# [The problem]
Whenever a line of the entries below holds the string "Used", copy that line and return it.

# [Input data]

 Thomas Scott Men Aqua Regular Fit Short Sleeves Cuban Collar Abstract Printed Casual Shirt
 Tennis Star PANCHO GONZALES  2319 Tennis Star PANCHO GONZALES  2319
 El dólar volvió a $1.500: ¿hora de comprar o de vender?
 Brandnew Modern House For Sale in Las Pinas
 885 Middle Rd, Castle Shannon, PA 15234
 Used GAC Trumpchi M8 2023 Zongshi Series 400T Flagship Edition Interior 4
--
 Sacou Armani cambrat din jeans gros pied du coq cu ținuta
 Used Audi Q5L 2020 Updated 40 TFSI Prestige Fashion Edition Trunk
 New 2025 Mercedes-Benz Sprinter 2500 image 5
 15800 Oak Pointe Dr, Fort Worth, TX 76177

# [Output of the task]
 Used GAC Trumpchi M8 2023 Zongshi Series 400T Flagship Edition Interior 4
 Used Audi Q5L 2020 Updated 40 TFSI Prestige Fashion Edition Trunk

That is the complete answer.